Jammer wrote:Jackoff Jones is a?

A.  Liar
B.  Stupid
C.  The devil
D.  All of the above


Nobody should believe a word this man says.  He wants people to believe that Thomas Jefferson was a democrat, you know the same gang that Jackoff Jones belongs to.  Well WRONG.

You can trace all the history you want,  You can draw all the lines you want between the Democrat-Republican Party, the Whig Party, the democrat party and the Republican Party, but you are only fooling yourself if you try to say that Thomas Jefferson was a democrat.

Just an interesting tidbit of history is that the early Democrat-Republican party called themselves Republicans.  However, it was the Federalists who tagged them with the democratic nomenclature because they saw democracy as being a danger.

Anyhow, if you want to try to figure out what Thomas Jefferson would be if he lived in today’s world of American politics forget trying to draw lines to connect dots that don’t connect.  Take 2 buckets and label one democrat and one Republican.  Then list all of the values and principles that each political party espouses today and place them in the bucket of one of the political parties.
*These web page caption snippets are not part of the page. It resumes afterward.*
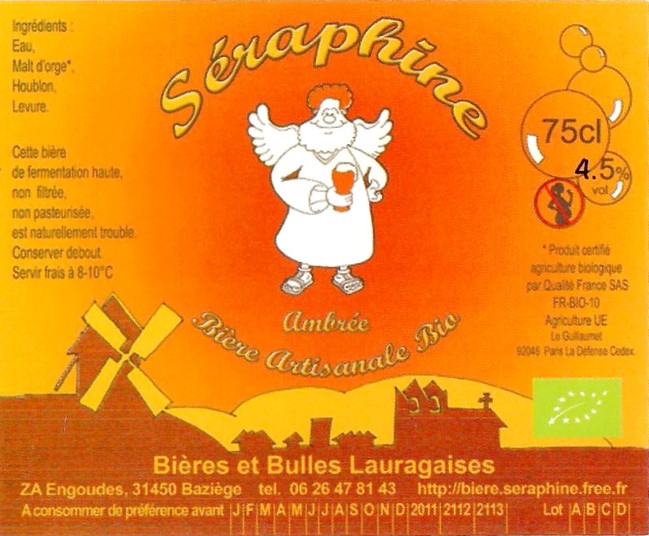 Etiquette BRASSERIE BIERES ET BULLES LAURAGAISES 06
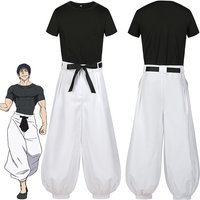 2026 Manga Anime Jujutsu JJK Fushiguro Toji Satoru Gojo Cosplay Costume Wig T-shirt Pants Rose Net Halloween Christmas Clothing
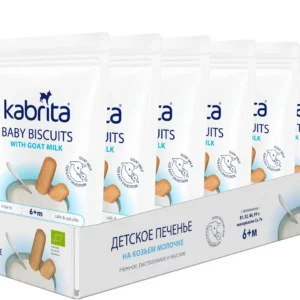 Kabrita kitsepiima küpsised lastele, 6 kuud, 6×115 g (1pakk-3,25eur)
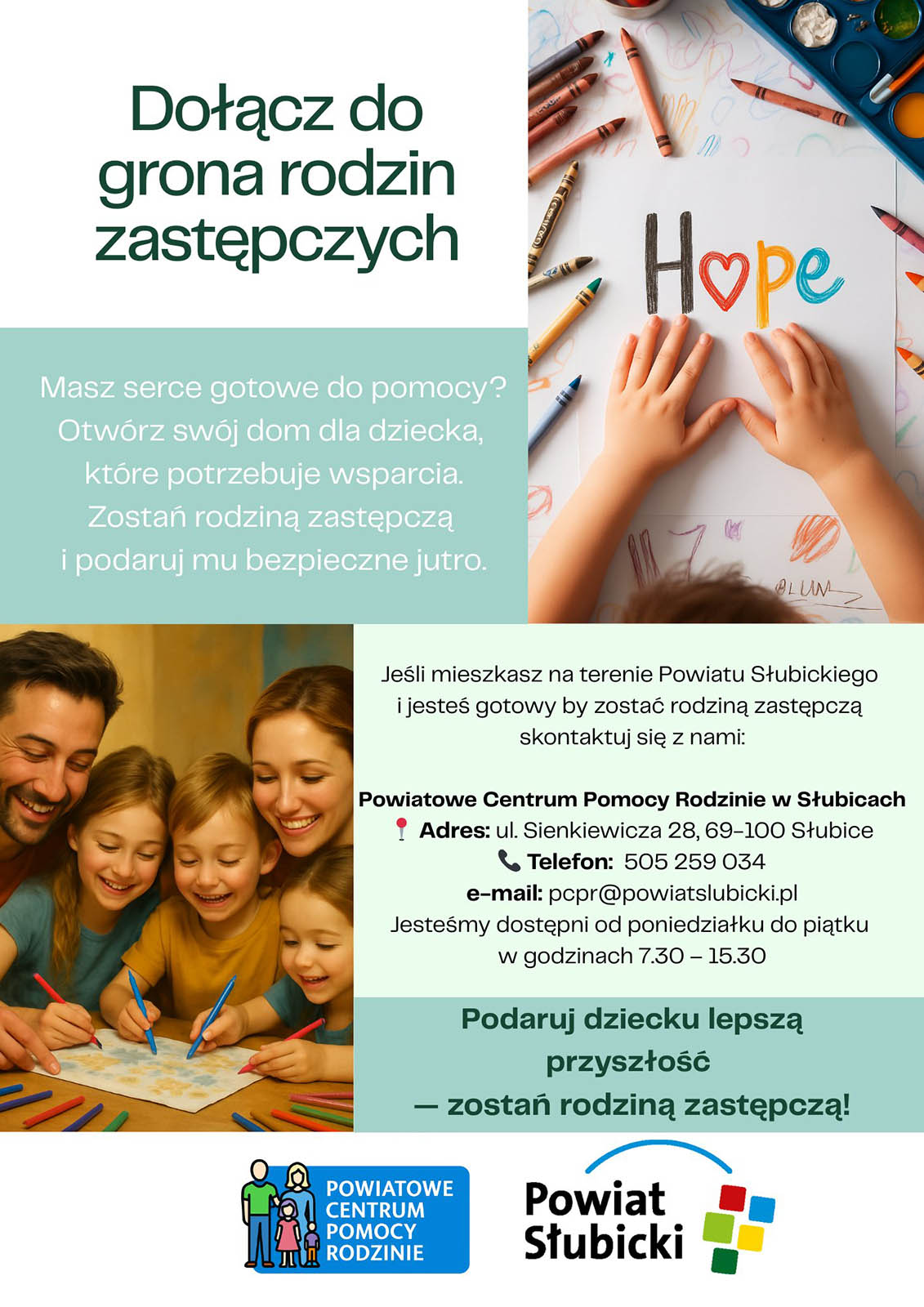 PCPR w Słubicach szuka kandydatów na rodziny zastępcze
Once all of the values and principles are categorized remove the democrat and Republican names from the buckets.  Give the buckets to a jury along with what the Federalists and Anti-Federalists believed in back in the late 1700’s and early 1800’s and ask them to label the buckets.  You will then realize that if you were to align today’s political parties with our early Founders you would have:

Federalists (Hamilton & Adams) = democrats
Anti-Federalists (Jefferson & Madison) = Republicans

If you want to draw a line back from today’s democrat party, you will probably see that at the end of the line will be Andrew Jackson and wasn’t he something special.  He was pretty much the father of today’s democrat party even though it has become much more evil than even Jackson could have hoped for.

Mister forum moderator, I would like to make a motion that Jackoff Jones be forever banned from this forum because the answer to the question above is D.

I would say that aside from the role of government, Jefferson's philosophies still ring true with Democrats today.  What was his problem with big government?  Opression, heavy handedness, monarchy type of rule, definately not the type of "we the people" government Jefferson worked so hard to create.  Jefferson sums it all up nicely in one word: Tyranny.  It wasn't necessarily government that he hated IMO Suspect , it was the tyranny that typically went along with governments of that era that he was so opposed to.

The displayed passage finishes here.